3.3.5. L'impact du conflit socio-cognitif
Le conflit socio-cognitif favorise le développement de
nombreuses compétences, dans des domaines très variés. Il
influe sur le développement et certaines fonctions cognitives mais
également sur les compétences sociales.
Le conflit socio-cognitif facilite les apprentissages
cognitifs. Les progrès réalisés sont
généralisables à d'autres connaissances du même
type. Par exemple, lorsqu'un enfant fait des progrès dans des
problèmes concernant la conservation des longueurs, il
généralisera cette acquisition. Ainsi, les problèmes
concernant la conservation des quantités seront résolus avec
davantage de facilité. Le conflit socio-cognitif permet donc à
l'enfant d'accéder à un schème de niveau supérieur.
En effet, il parvient à repérer dans une action ou une situation
ce qui est généralisable et à le transposer dans une autre
situation représentant des éléments communs avec la
précédente.
D'autres progrès ont lieu dans le domaine cognitif,
plus particulièrement au niveau des fonctions cognitives comme les
« régulateurs d'action ». Ces progrès ont
lieu grâce aux déstabilisations provoquées par les
interventions du partenaire. Cette déstabilisation concerne la
représentation du problème et des possibilités d'action.
En effet, après une intervention
« déstabilisante », le sujet change la
représentation qu'il s'était faite du problème ou sa
représentation de la manière d'exécuter la tâche.
Ainsi, les progrès se rapportent à certaines fonctions
cognitives fortement liées aux relations sociales comme les
régulateurs de l'action.

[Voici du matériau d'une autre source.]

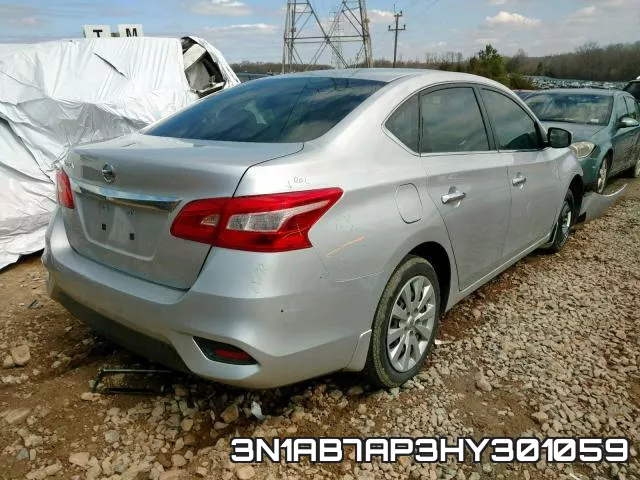 3N1AB7AP3HY301059_4.webp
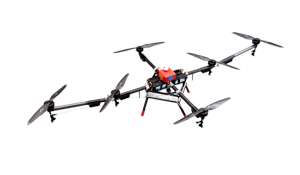 山東福萊特無人機制造有限公司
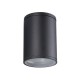 VK/01060/B -<p>Σποτ οροφής, 240V, Ε27/Par30, Max 20W (LED), IP54, ø10.8x16cm, μαύρο</p> VK/01060/B -<p>Σποτ οροφής, 240V, Ε27/Par30, Max 20W (LED), IP54, ø10.8x16cm, μαύρο</p>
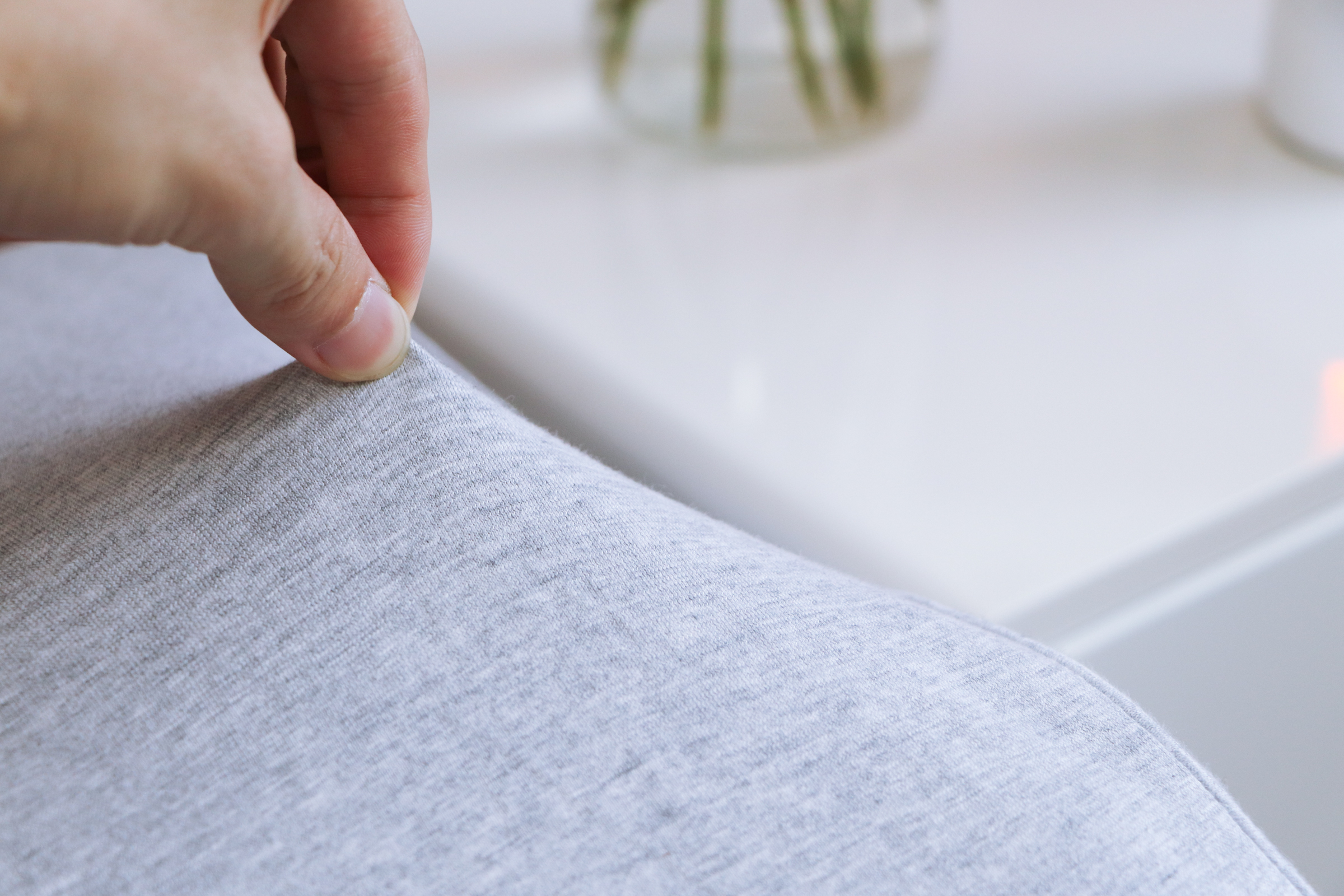 自动调节高低智能枕头,自动调整高度的枕头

Ces derniers désignent les
capacités d'organisation, de contrôle et de vérification
impliqués dans la résolution de problème. Ainsi, le sujet
développe ses capacités d'identification du problème
(déduction d'un certain nombre de faits à partir de la situation
de problème permettant sa résolution), de création de
stratégie, planification (anticipation des actions ainsi que les
résultats de celles-ci), de contrôle des opérations
(attention aux résultats des actions, et mémorisation des erreurs
pour éviter de les reproduire), ou encore la capacité de
changement de représentation du problème en cas d'impasse ...

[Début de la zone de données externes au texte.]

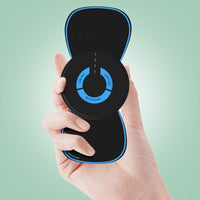 Thumbnail for product-image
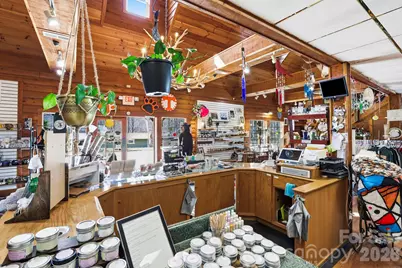 10932 Rosman Highway, Lake Toxaway, NC 28747 - Photo 16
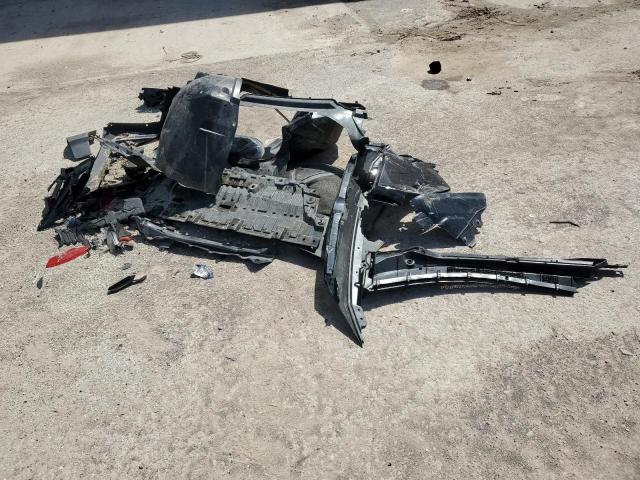 2020 Nissan Sentra Sr VIN: 3N1AB8DV0LY252041 Lot: 53531754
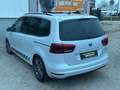 SEAT Alhambra 2.0TDI FR-Line *7-Sitze*Panorama*Leder*Navi*Xenon* Gris - thumbnail 5
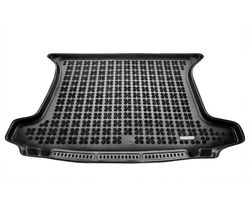 Protector maletero P. 308 II 3/5p. 13>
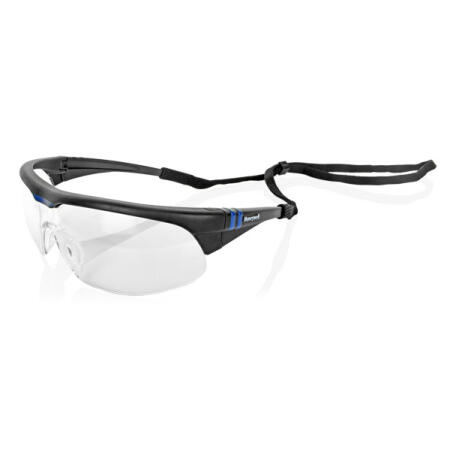 Honeywell Millennia 2G Safety Glasses Clear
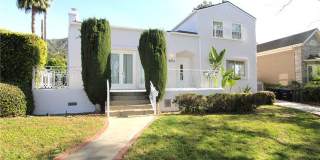 2035 Rangeview Drive Gallery 1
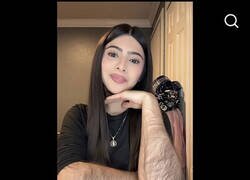 Enlace a Premio al mejor comentario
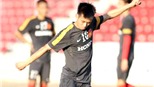 U23 Việt Nam: Hy vọng từ &#39;bóng chết&#39;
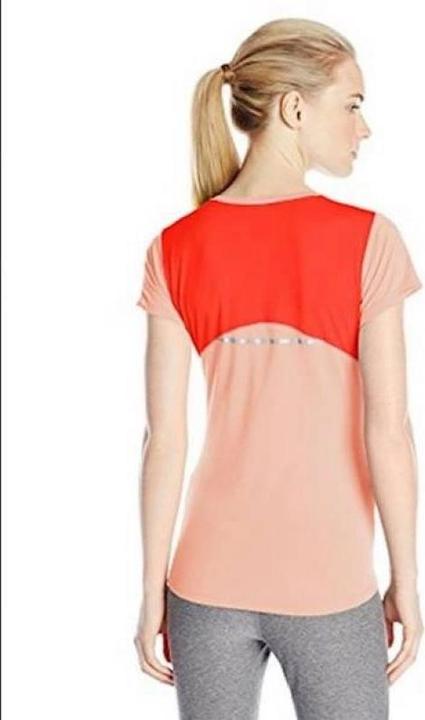 Immagine prodotto New Balance Hemd (L)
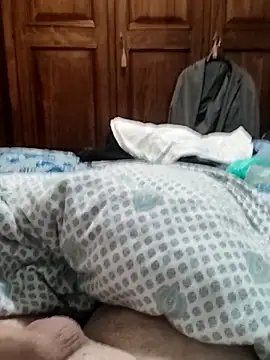 manuel9428 online show from March 2025 07:30:01 AM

D'autre part, les compétences sociales seront
facilitées par la participation du sujet à de telles situations
d'interactions. Les catégories mentales se mettraient en place lors de
la participation de l'enfant à des interactions sociales de nature
très variées. Le développement cognitif se structurerait
à partir de la structuration de l'environnement social (normes
représentations, règles) qui organiserait les interactions
sociales. Ces nouvelles compétences cognitives favoriseraient le
développement des compétences sociales et permettraient à
l'enfant de participer à des interactions sociales plus
élaborées. C'est dans ce contexte que Doise affirme «A tout
moment de son développement, des compétences spécifiques
permettent à l'individu de participer à des interactions sociales
relativement complexes qui peuvent donner lieu à de nouvelles
compétences individuelles qui pourront s'enrichir de nouveau lors de
participations à d'autres interactions sociales.» (pp.125-126,
1993)
De cette manière, une sorte de spirale
développementale se réaliserait dans le conflit socio-cognitif.
Les apprentissages cognitifs servent de prérequis à de futurs
apprentissages. Ils servent de base à la régulation
d'interactions sociales plus complexes, qui, elles-mêmes, permettront
l'émergence de processus cognitifs plus évolués. C'est ce
qu'exprime Doise (p. 37, 1997) en disant qu'en coordonnant ses propres
actions avec celles d'autrui, il élabore des systèmes de
coordination de ses actions et arrive à les reproduire tout seul par la
suite. La causalité que nous attribuons à l'interaction sociale
n'est pas unidirectionnelle; elle est circulaire et progresse en spirale :
par l'interaction, l'individu maitrise certaines coordinations lui permettant
alors de participer à des interactions sociales plus
élaborées, qui, à leur tour, deviennent source de
développement cognitif. Ainsi, à des niveaux précis du
développement cognitif, certaines interactions sociales, agissant comme
un de ces inducteurs de l'embryogenèse, entraînent le
développement d'une nouvelle organisation cognitive.